In order to prevent her own lobotomy, Babydoll creates this whole story within her own mind, giving herself strength and power she does not have. One of the things you will notice is that she is a bad shot in real life (that’s why her sister is dead), but in her fantasy, she’s a fantastic shot and warrior, saving Rocket when she could not save her own sister. The story blurs its lines and has an unreliable narrator in Babydoll (much like The Yellow Wallpaper), because ultimately, this is all her mind’s way of coping with the trauma of what’s about to happen.
Okay, that’s the academic nerdy stuff. Now on to the actually nerdy stuff: Wonder Woman. Did you remember that Sucker Punch also has a big No Man’s Land scene where the women cross the line and basically shit all over World War I? I didn’t, but watching it, I couldn’t help but think, This movie feels like a DCEU movie in a lot of ways.
There is no sense of weight in anything, even though, during the hand-to-hand sequences, the women feel strong—Vanessa Hudgeon’s Blondie and Rocket especially.
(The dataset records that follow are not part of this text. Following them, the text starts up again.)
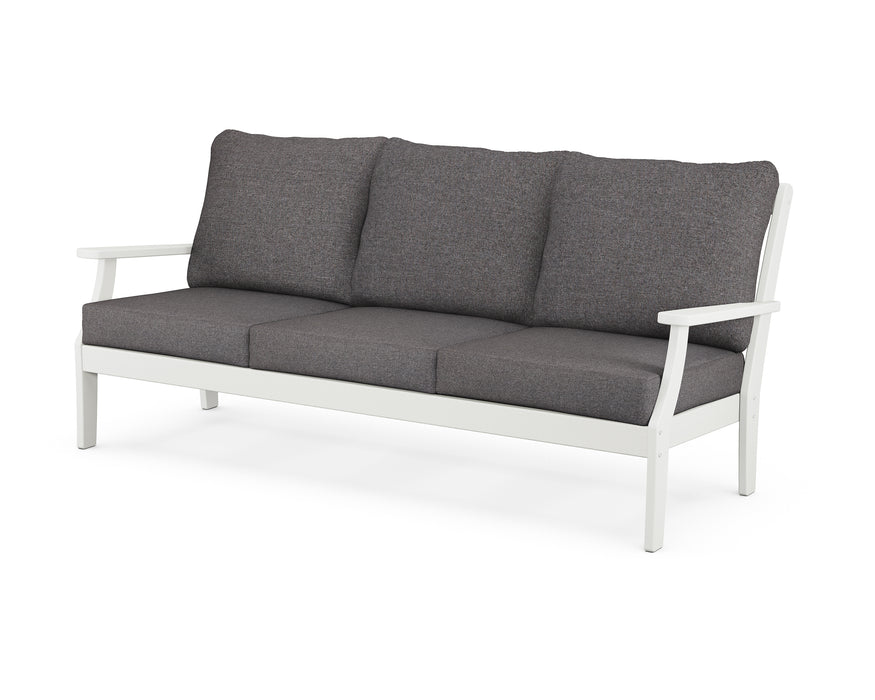 POLYWOOD Braxton Deep Seating Sofa in Vintage White / Ash Charcoal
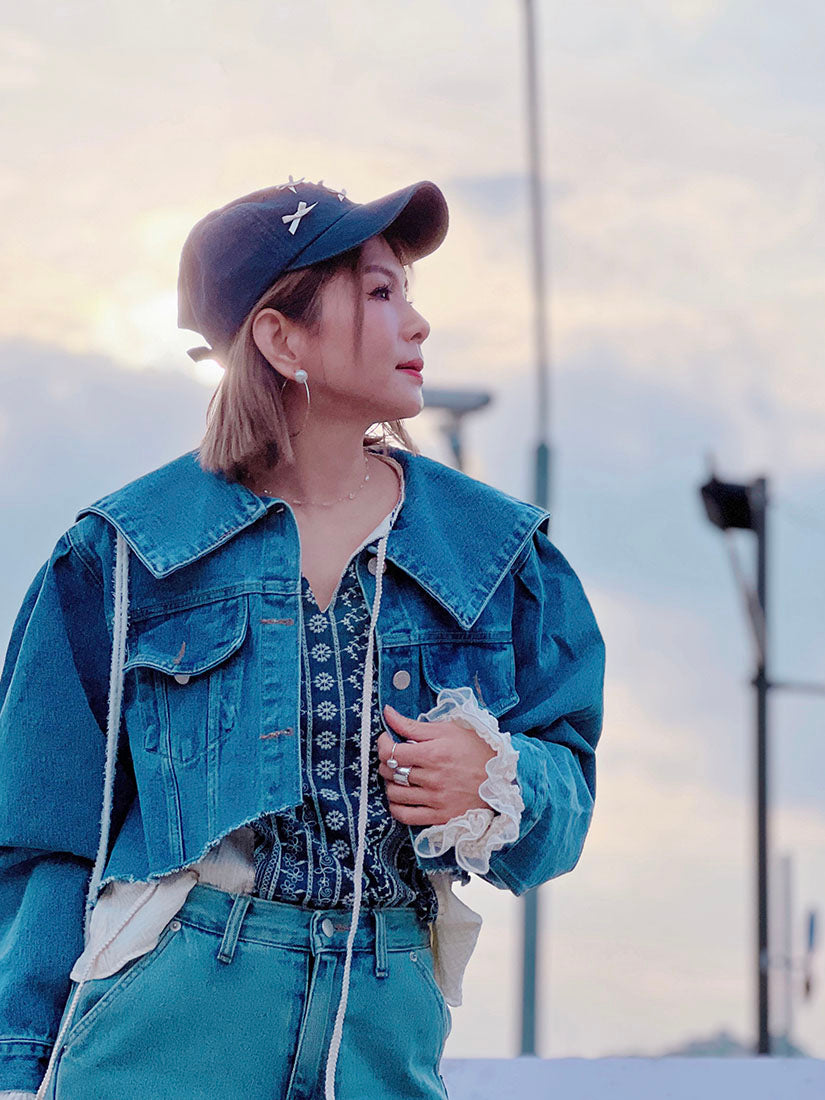 Sailor Collar Raw Hem Denim Cropped Jacket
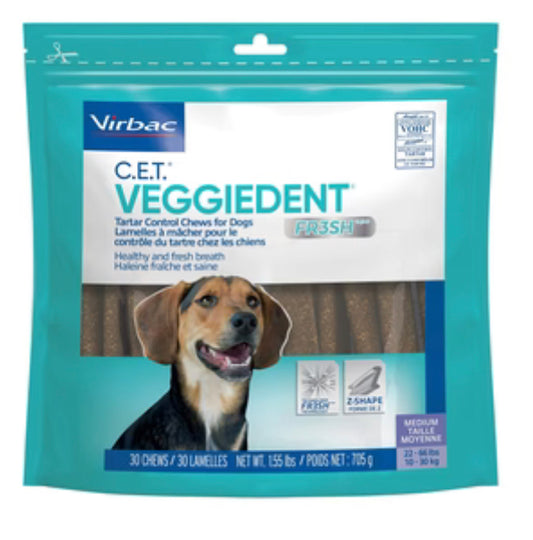 Virbac Veggiedent Fresh Technology Dental Dog Chews - 30 Count - Medium image 0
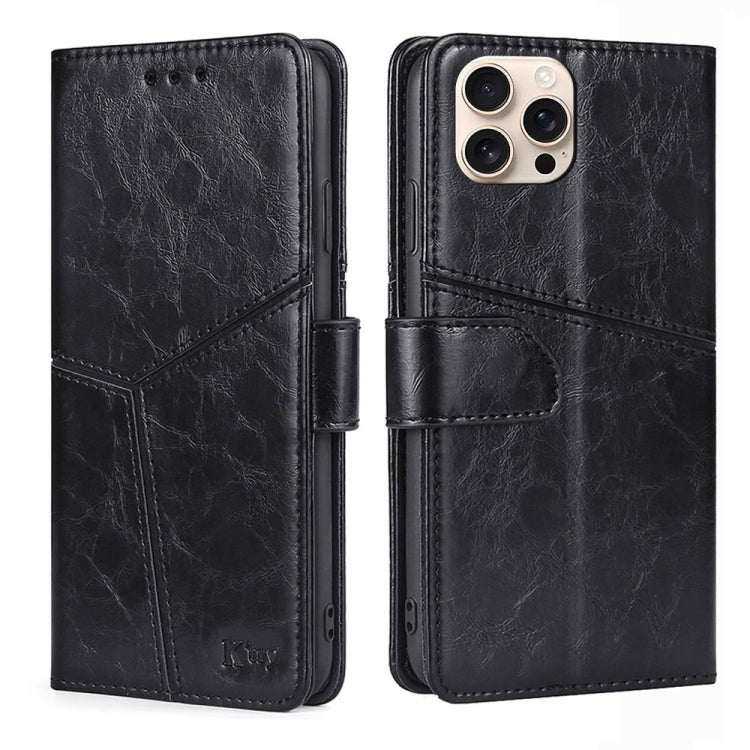 For iPhone 16 Pro Geometric Stitching Leather Phone Case(Black) - iPhone 16 Pro Cases by buy2fix | Online Shopping UK | buy2fix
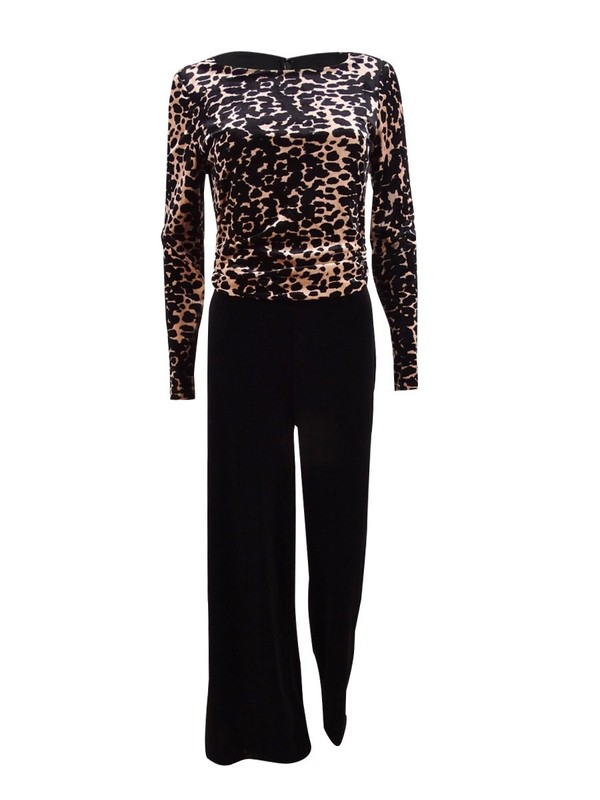 DKNY Women's Velvet Animal Combo Jumpsuit (4 Cheetah Natural Multi)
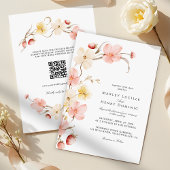 Modern Blush Floral QR Code All In One Wedding 招待状
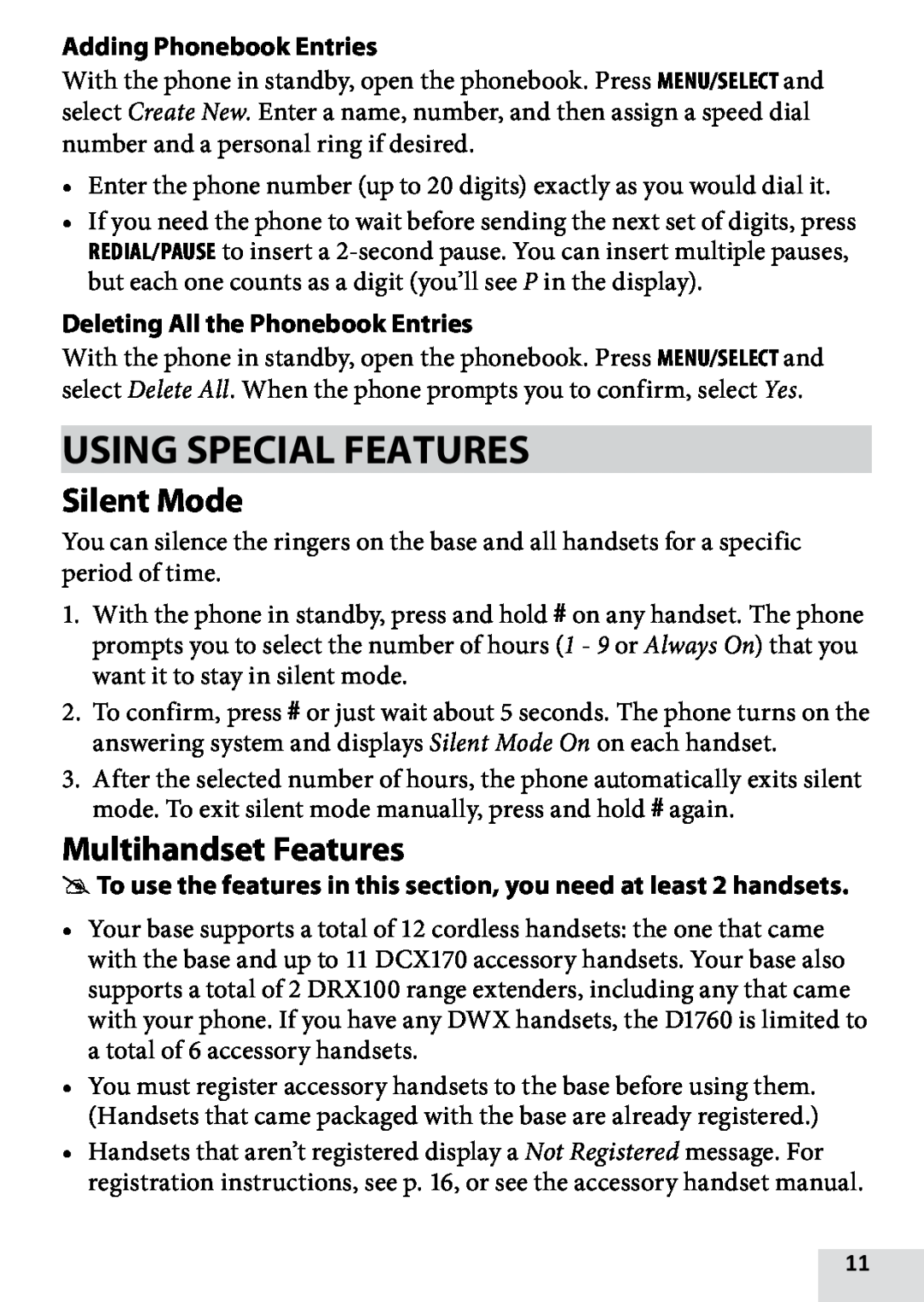 Uniden D1760-12, DRX100, D1760-2 Using Special Features, Silent Mode, Multihandset Features, Adding Phonebook Entries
One of the big complaints about the film, when it came out, was that the fantasy sequences gave no weight to the battle—even though, for the past dozen comic book movies, people have been fighting CGI creatures—and that it didn’t have a strong ending. Well, well, well … that sounds awful familiar, doesn’t it?
Directly comparing Wonder Woman to Sucker Punch in terms of representation of women, they are also still very similar. Diana’s costumes are no more inherently functional or “conservative” than the women in Sucker Punch; there are actually more women throughout the entirety of the film, the women are fighting for their own freedom and sisterhood, and there is no love interest. Also, there are more named women of color in Sucker Punch than Wonder Woman.
Then, there is also the question of what it means to have a female empowerment fantasy? What does that look like? And the reality is that isn’t a question with one answer. There are women who can feel empowered by Wonder Woman, and those who can feel equally empowered by Sucker Punch. I enjoy the video game sequences in the film and honestly, in today’s superhero landscape, they feel pretty on brand with how fight sequences play out in current films.
So where does Sucker Punch go wrong? Really, it mostly comes from Zack Synder having playing with concepts his script can’t do justice. He wants to have this thoughtful narrative, but can’t help playing into tropes of the threat of sexual violence and rape, which is legitimate in this situation, but excessive in a story that tries to avoid showing sexy dance sequences in exchange for action sequences.
Just in terms of plot, it starts to lose steam around the 4th sequence, which is getting the knife. The story rushes to get to its conclusion because there really is nowhere else for it to go. That unwinding taints the goodwill and fun of the rest of the movie as it tumbles into the end. As much as Snyder may say that this film is attempting to call out the nerdy sci-fi dudes who are into fanservice, I think he is giving himself a little too much credit on that regard.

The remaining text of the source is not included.